# [Task prompt]
Quote the lines below from the one containing "Load image into" to the final line, both ends included; exclude the pictures.

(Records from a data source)

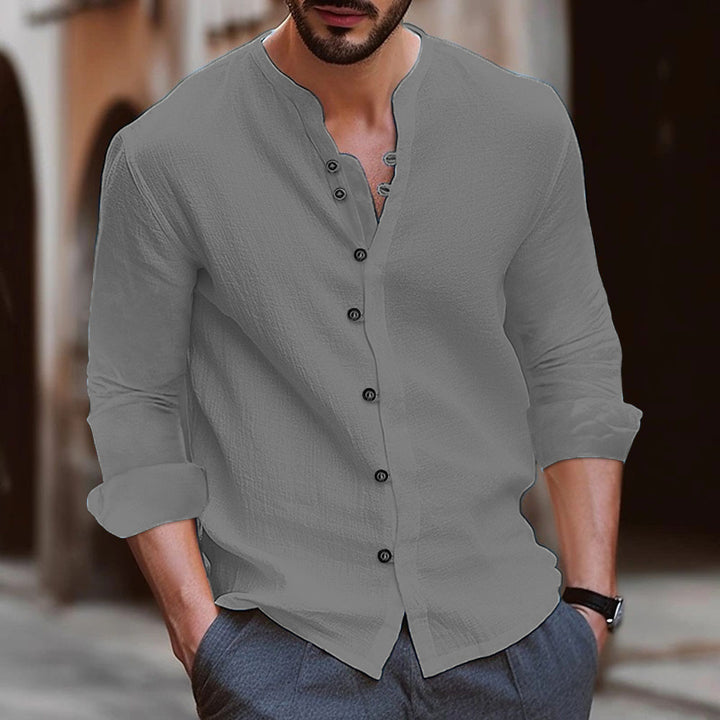 Men's Long Sleeve Henley Shirt in Lightweight Cotton Fabric with Trendy Button Detail Lune London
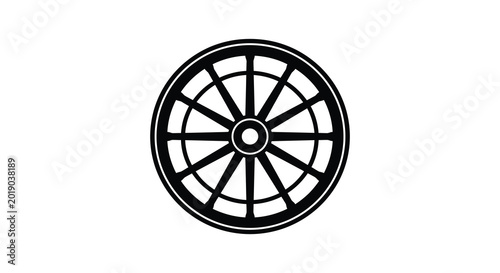 Wagon wheel silhouette on a white background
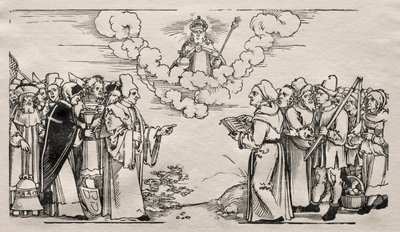 Disputa entre Lutero y un teólogo católico de Hans Sebald Beham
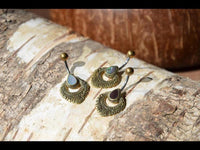 Load image into Gallery viewer, Bauchnabelpiercing Edelstahl Brass Ornament Träne Inlay
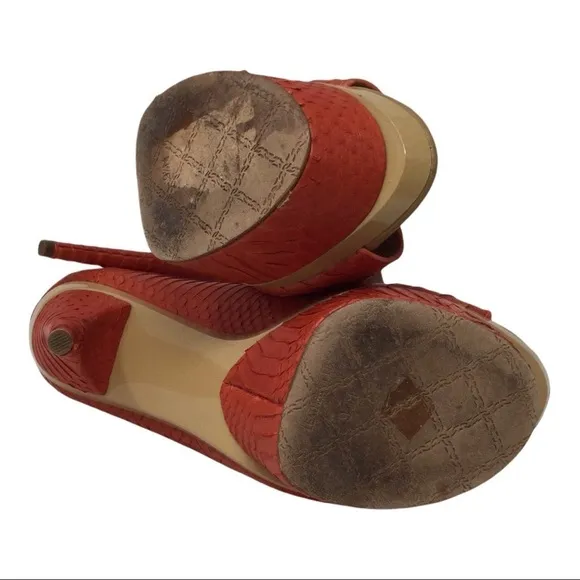 L.A.M.B. ILane Coral Snakeskin Leather Peeptoe Heels Shoes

# [Result of the task]
 Load image into Gallery viewer, Bauchnabelpiercing Edelstahl Brass Ornament Träne Inlay
 L.A.M.B. ILane Coral Snakeskin Leather Peeptoe Heels Shoes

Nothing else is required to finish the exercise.